Characteristics of Included Studies
The 293 studies included a total of 1,813,733 respondents, of whom 135,007 were depressed and 1,678,726 were not depressed (in studies with missing prevalence rates, we imputed these values with the pooled prevalence rates of all other studies). Selected characteristics of the 293 studies are presented in
Table 1.
The studies were conducted in 35 countries from all populated continents, although most studies were conducted in the United States (N=114) and Europe (N=115). Most studies were conducted in samples recruited from the general population (N=104), heart disease patients (N=69), cancer patients (N=29), and other patient populations (N=84). Depression was established by diagnostic interview in 82 studies and by a self-report measure in 211 studies. Follow-up periods varied widely; we categorized them as <1 year (N=56), 1–5 years (N=125), 6–10 years (N=84), and >10 years (N=38). Most studies were conducted after the year 2000 (N=216). All case-control studies were nested case-control studies.
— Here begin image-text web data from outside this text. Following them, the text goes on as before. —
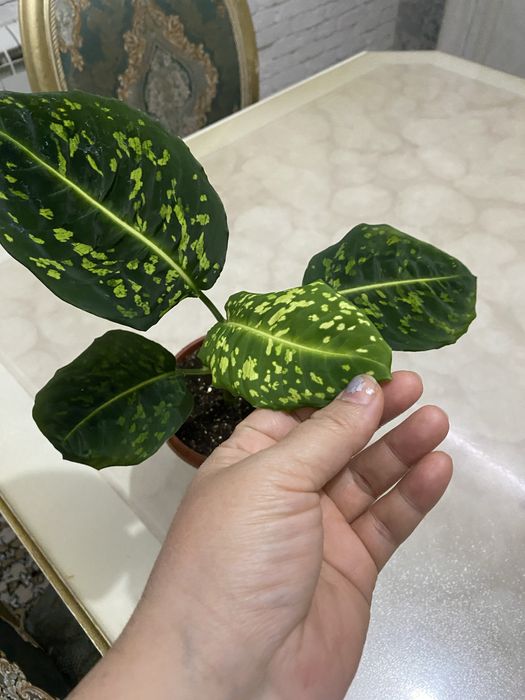 Диффинбахия сорт рефлектор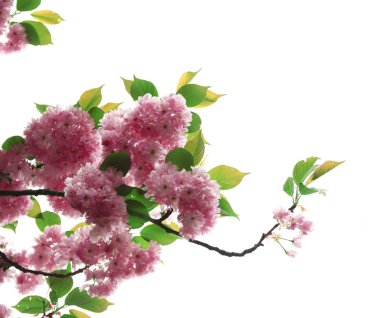 Sakura çiçek yakın çekim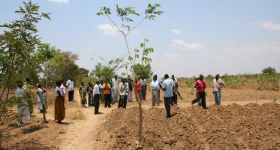 Fotogalerie > Waweh Agriculture: mw2012.3-085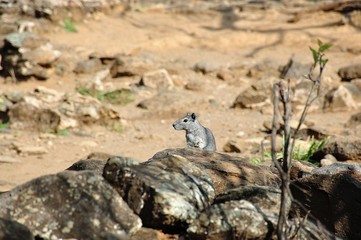 Rock Cavy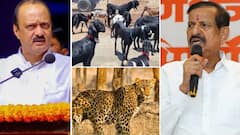 चांदा ते बांदा बिबट्यांच्या हैदोसावर वनमंत्र्यांकडून थेट एक कोटी शेळ्यांचा नजराणा, अजित पवारांनी फक्त एका वाक्यात विषय संपवला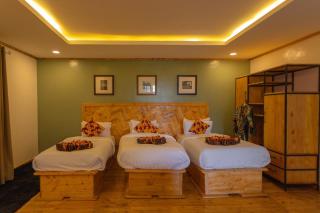 Davinci Gorilla Lodge - 5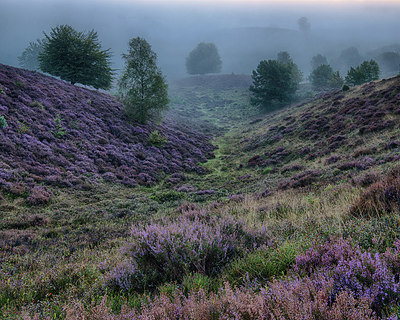 BUITEN BEELD Foto: 247542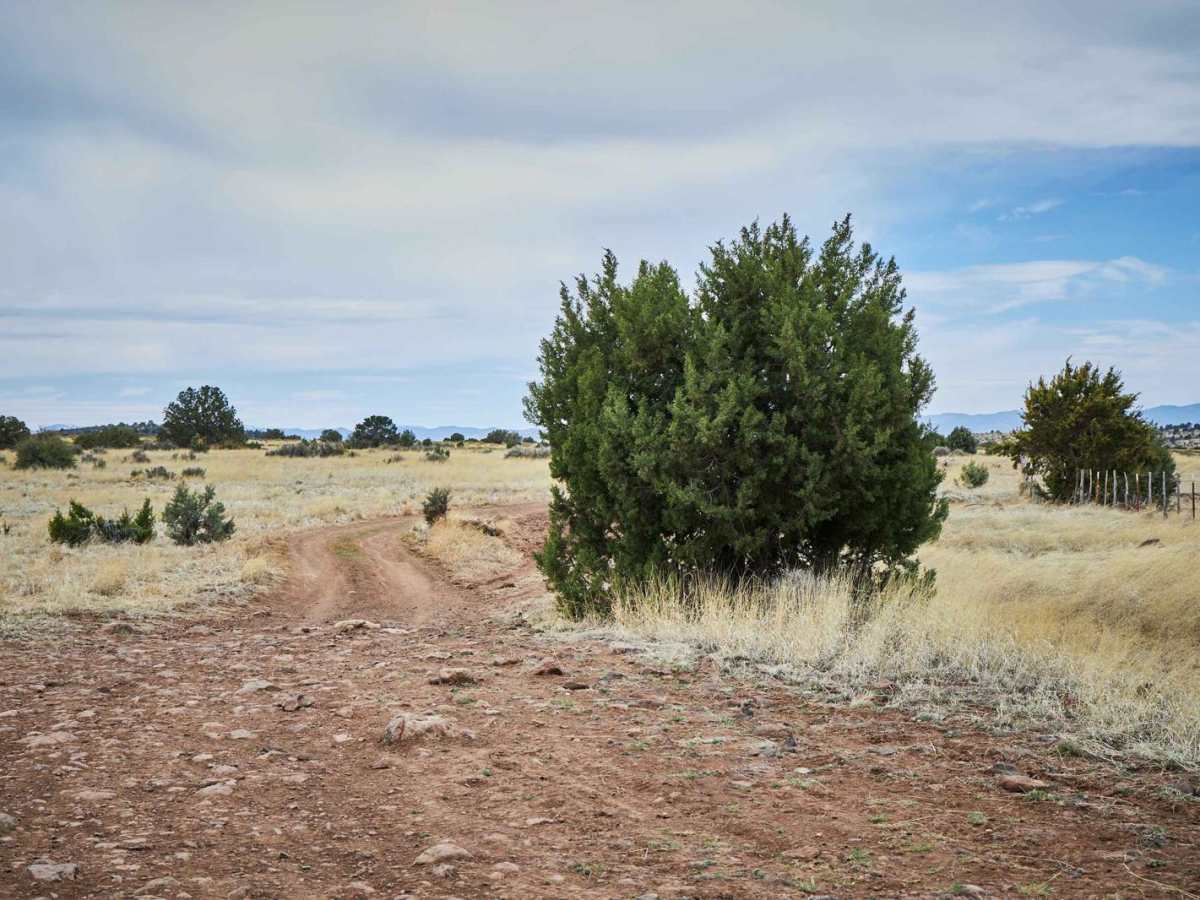 Coyote Ranch Road photo 2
The quality of the included studies varied (see Appendix D in the online
data supplement). In the domain of study participation, 164 studies (56%) scored positive; 186 studies (64%) scored positive on study attrition, 201 (69%) on outcome measurement, 121 (41%) on confounding measurement and account, and 217 (74%) on analyses. After summing up the individual items, we found that 90 studies (31%) had a total score of 3 or less, 104 (36%) a score of 3.5–4, and 99 (34%) a score of 4.5–5.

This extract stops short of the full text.